(Source records Opens)

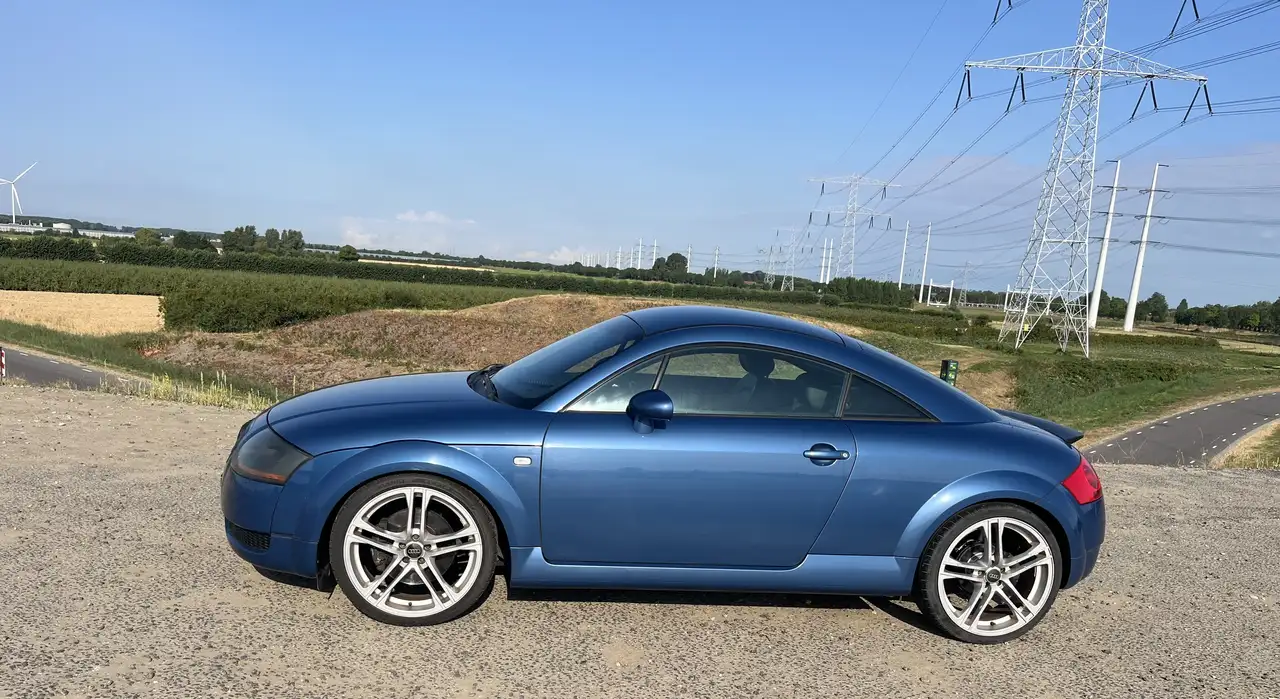Audi TT 1.8 5V Turbo, foto 1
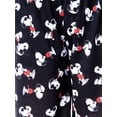 thumbnail image 5 of Peanuts Boys' Joe Cool Snoopy Pajamas Shirt And Shorts Sleepwear Set, 5 of 8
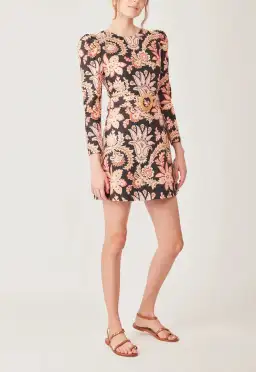 Torannce Edie Mini Dress Black Size 8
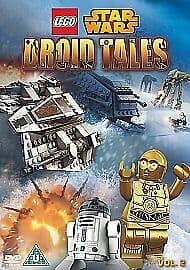 LEGO Star Wars: Droid Tales - Volume 2 DVD (2016) Torsten Jacobsen Cert U Region 2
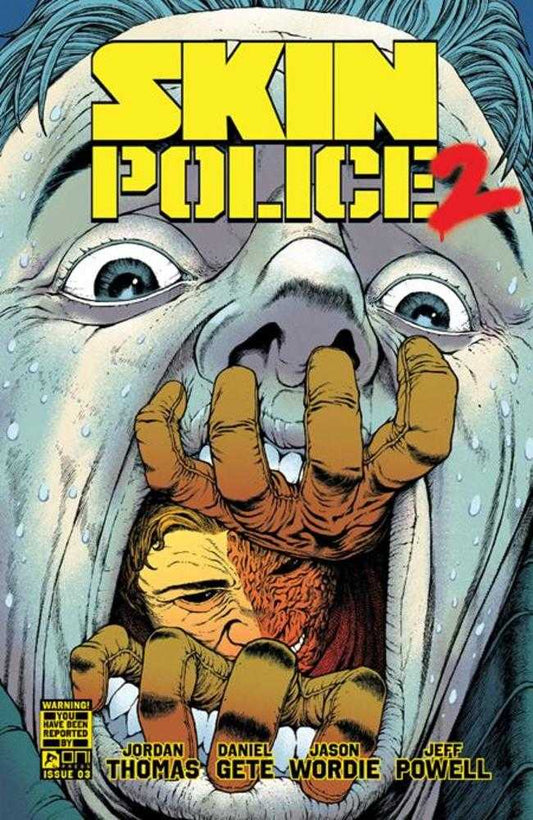 Skin Police 2 #3 (Of 4) Cover A Daniel Gete (Mature)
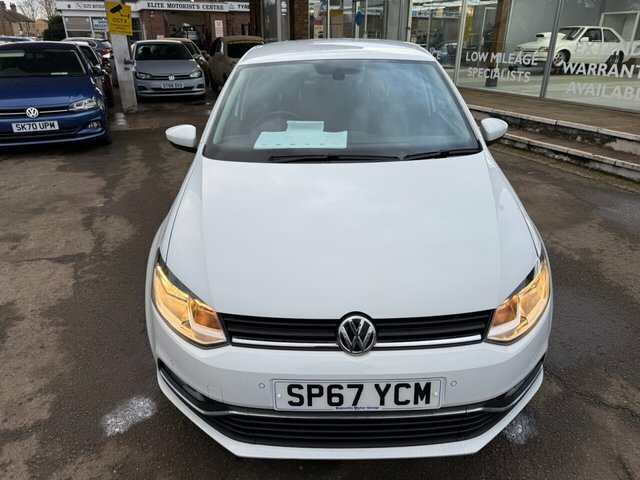 Volkswagen Polo Match Edition Hatchback SP67YCM White #3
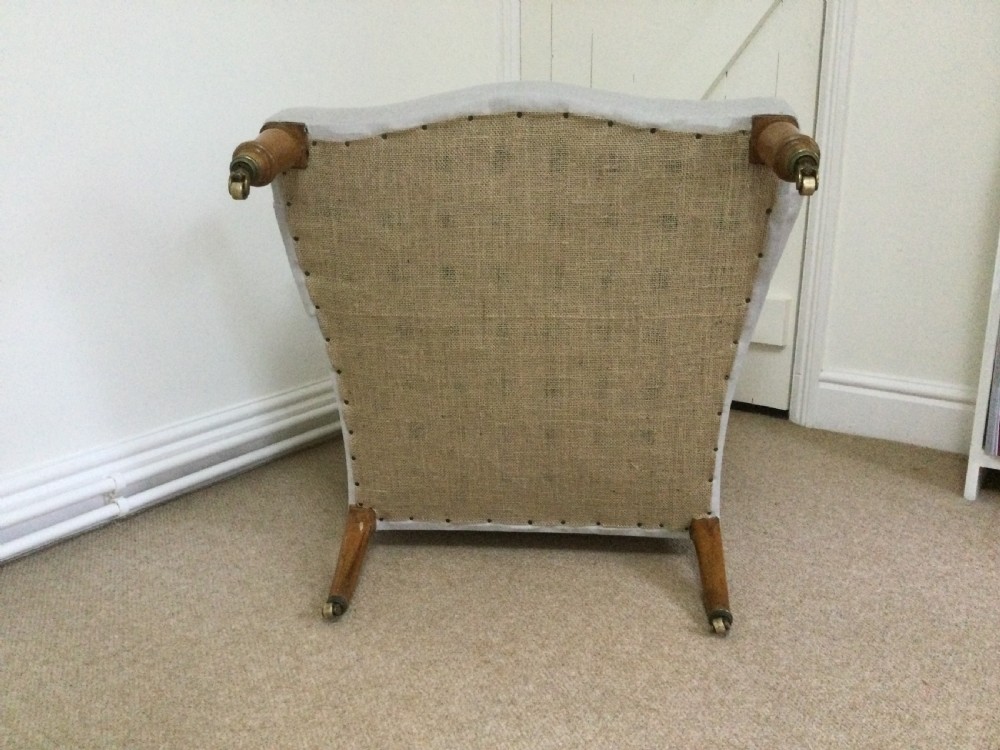 A  C19th French armchair View VIII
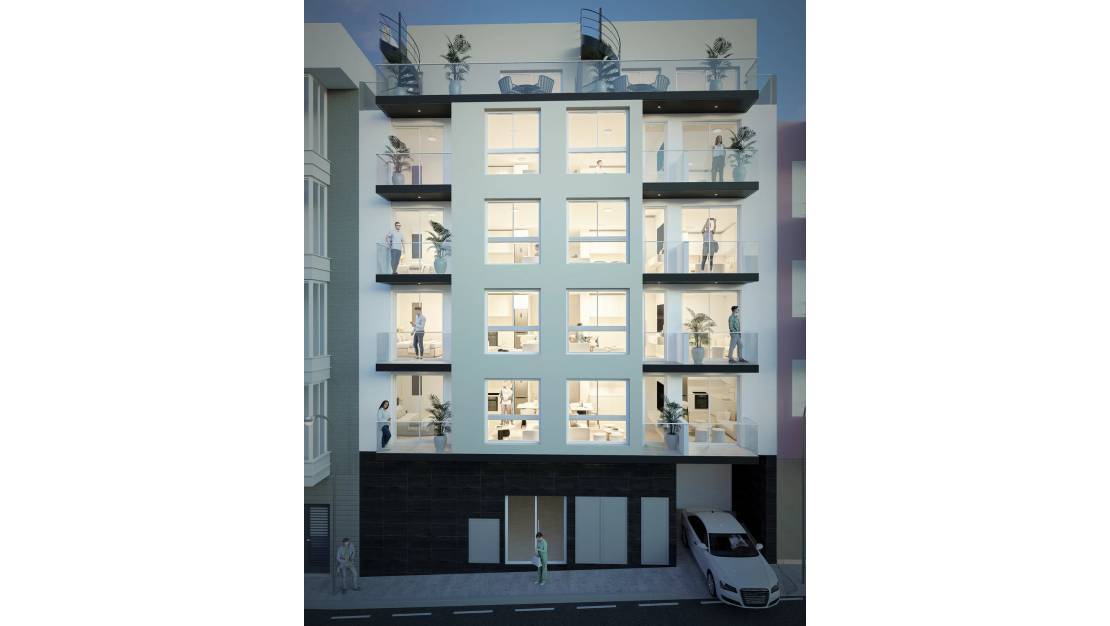 New Build - Apartment - Torrevieja - Torrevieja Centro
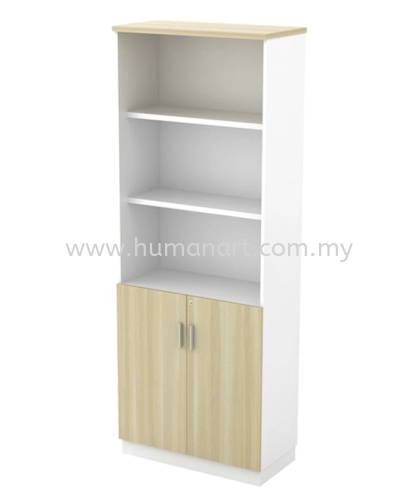 BERLIN HIGH OFFICE FILING CABINET C/W SEMI SWINGING DOOR - Jalan Ipoh | Ampang Point | Imbi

(Source records Closes)

▶ _Aim of the task_
Retype exactly the lines from the line containing "Torannce Edie Mini Dress Black Size 8" through the end of the entries above, including both ends, and leave every picture out.

▶ _Solved exercise_
 Torannce Edie Mini Dress Black Size 8
 LEGO Star Wars: Droid Tales - Volume 2 DVD (2016) Torsten Jacobsen Cert U Region 2
 Skin Police 2 #3 (Of 4) Cover A Daniel Gete (Mature)
 Volkswagen Polo Match Edition Hatchback SP67YCM White #3
 A  C19th French armchair View VIII
 New Build - Apartment - Torrevieja - Torrevieja Centro
 BERLIN HIGH OFFICE FILING CABINET C/W SEMI SWINGING DOOR - Jalan Ipoh | Ampang Point | Imbi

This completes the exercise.